2)   Pasal 1.1 : Pekerjaan kefarmasian adalah pembuatan termasuk pengendalian mutu Sediaan Farmasi, pengamanan, penyediaan, penyimpanan dan pendistribusian atau penyaluran pbat, pengelolaan obat, pelayanan obat atas resep dokter, pelayanan informasi obat, serta pengembangan obat, bahan obat, obat tradisional dan kosmetika.

Pasal I.2. Pasal 2 : Tugas dan fungsi apotik adalah :
a.    Tempat pengabdian profesi seorang apoteker yang telah mengucapkan sumpah jabatan;
b. Sarana farmasi yang melaksanakan peracikan, pengubahan bentuk, pencampuran dan penyerahan obat atau bahan obat;
c. Sarana penyalur perbekalan farmasi yang harus menyebarkan obat yang diperlukan masyarakat secara meluas dan merata.
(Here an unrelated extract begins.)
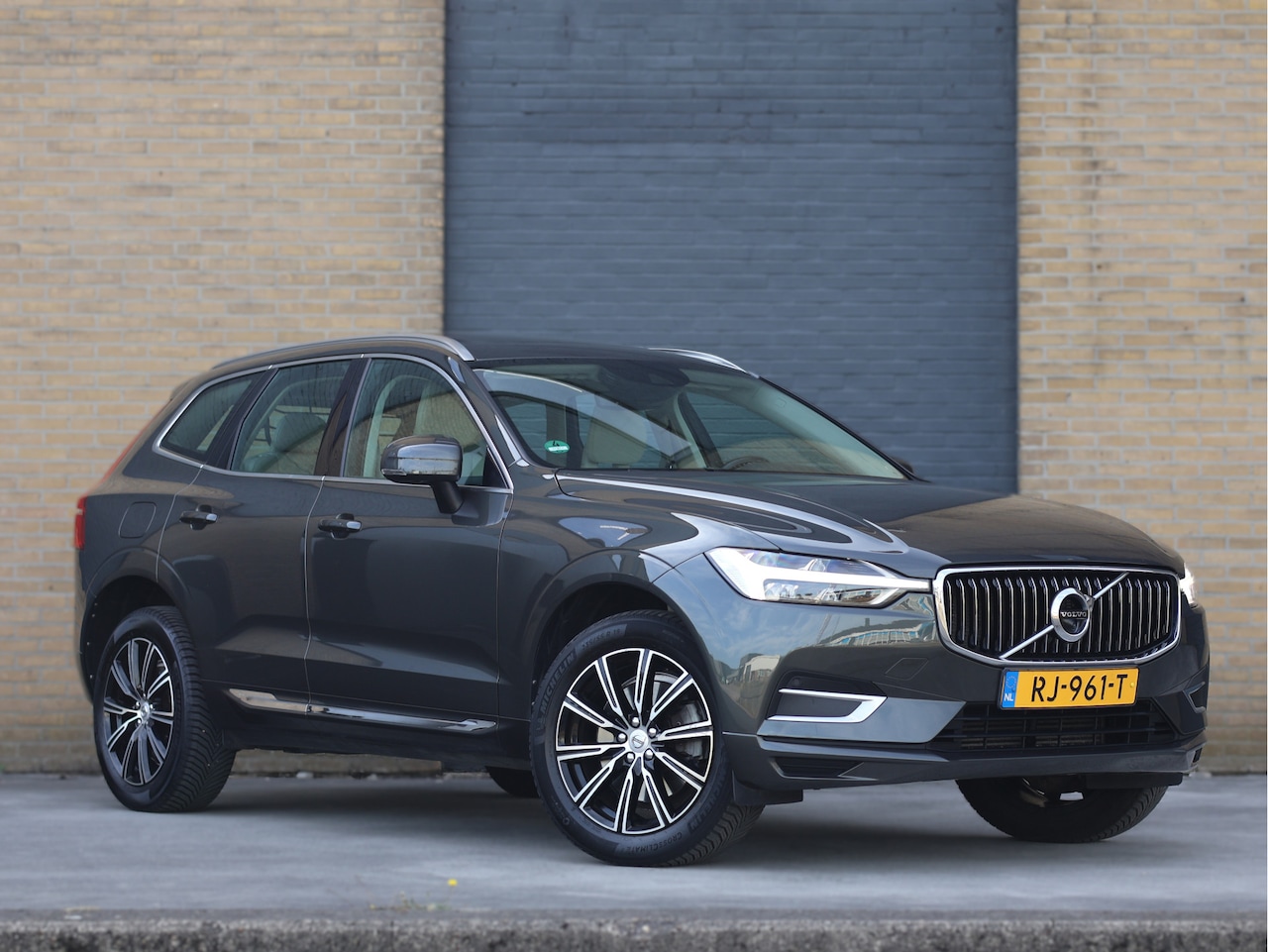 Volvo XC60 - 2.0 T5 AWD Inscription Luchtvering | Pano | Nappa Leder | 360° | Ventilatie | Org. NL - AutoWereld.nl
Adalah telah dicabut dinyatakan dicabut dan selanjutnya ditataulang  oleh PP51/2009 menjadi :
 (tugas dan fungsi Apoteker) dalam pelaksanaan pekerjaan kefarmasian pada fasilitas pelayanan kefarmasian (Apotek, .....)
1)      Pasal 21 (1) : Apoteker harus menerapkan standar pelayanan kefarmasian
2)  Pasal 21(2) : Penyerahan dan pelayanan obat berdasarkan resep dokter dilaksanakan oleh Apoteker
3)      Pasal 23 (1) : Apoteker harus menetapkan Standar Prosedur Operasional. SPO harus dibuat secara tertulis dan diperbaharui secara terus menerus sesuai perkembangan ilmu dan teknologi  di bidang farmasi dan sesuai peraturan perundang-undangan.
4)  Pasal 24 butir a : Apoteker dapat mengangkat Apoteker pendamping yang memiliki SIPA
5) Pasal 24 butir b : Apoteker dapat mengganti merek dagang dengan obat generik yang sama komponen aktifnya atau obat merek dagang lain atas persetujuan dokter dan/atau pasien.
6)  Pasal 24 butir c : Apoteker dapat menyerahkan obat keras, narkotika dan psikotropika kepada masyarakat atas resep dari dokter sesuai dengan ketentuan peraturan perundang-undangan.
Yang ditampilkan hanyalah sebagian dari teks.